SUE’S SUNDAY SOJOURN: Each week I will showcase a particular artist or band during my entire two hour set. Each week, prior to the set, there will be a blog post where I will write about my memories, favorite stories or share other interesting tidbits. The idea here is not to tell the story of the band or play two hours of their greatest hits. The idea behind Sue’s Sunday Sojourn will be to spend time with Sue, down in her music vault. As she puts together the set, she will reminisce and share special memories. “I remember when this came out,” or, “I recall hearing this for the first time and I thought…” She might share little known facts, favorite memories, fun stories or maybe even some personal experiences.

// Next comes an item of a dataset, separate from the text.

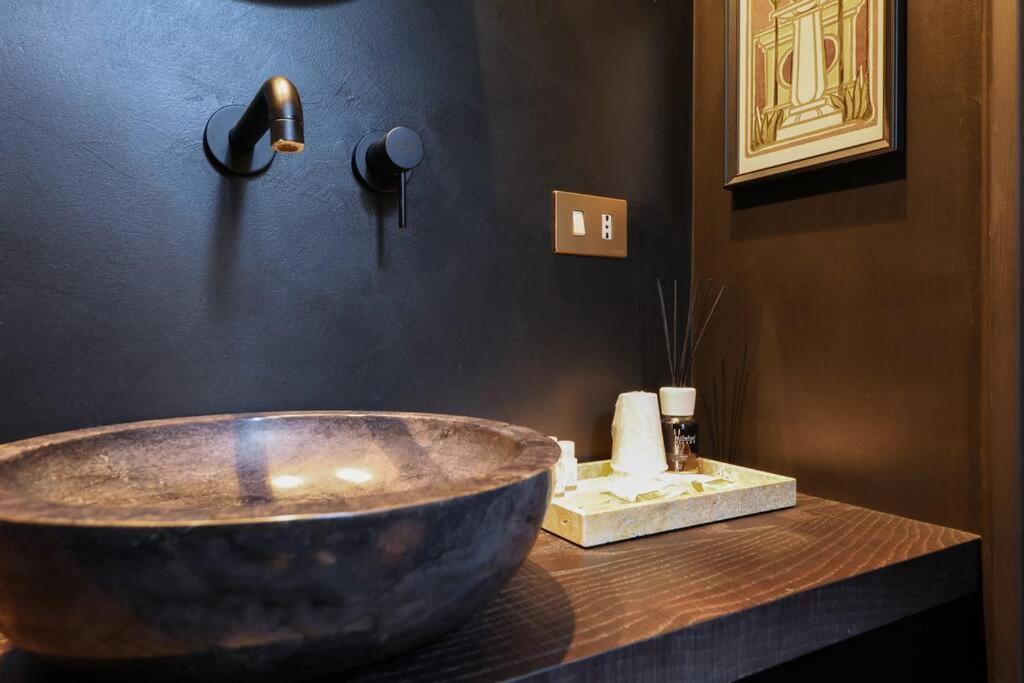 Apartment Enjoy Life Style - Tortona Porta Genova Milan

The sets will have plenty of the big hits but be ready for a few obscure tunes that may be her personal favorites. She will probably include a few rarities or possibly unreleased material, along with other sundry curios. So join her every Sunday night from 7-9 as she lets you into her world.
Paul Revere & the Raiders
Listen, my children, and you shall hear
Of the midnight ride of Paul Revere,
On the eighteenth of April, in Seventy-Five:
Hardly a man is now alive
Who remembers that famous day and year.
He said to his friend, “If the British march
By land or sea from the town to-night,
Hang a lantern aloft in the belfry-arch
Of the North-Church-tower, as a signal-light,--
One if by land, and two if by sea;
And I on the opposite shore will be,
Ready to ride and spread the alarm
Through every Middlesex village and farm,
For the country-folk to be up and to arm.”
From Paul Revere’s Ride, Henry Wadsworth Longfellow (1860)
And thus every school child of my generation, and before, learned about Paul Revere and his historic and patriotic midnight ride at the beginning of our War for Independence against the British. It just so happened that a young man working in a restaurant in the late 1950’s happened to also be named “Paul Revere.” (It was his real name and not a stage name.) It was there that he met Mark Lindsay who worked for a bakery that supplied the restaurant. The two became friends and formed a band in 1958 called the “Downbeats.” It didn’t take long until record companies took notice and they started recording.
They changed their name to “Paul Revere & the Raiders before” before the release of their first single in 1960, Beatnik Sticks. The following year they released one that charted, Like, Long Hair, which climbed to #38 on the Billboard Charts. (I’ll play both during my set on Sunday night.)
|In their early days, with Dick Clark|
You can see in the picture above that during these early years they had not yet adopted the 18th century Revolutionary War motif with the tricorns (three-cornered hats), uniforms and boots. They were just a rock band whose front man happened to share a name with a famous figure of American history.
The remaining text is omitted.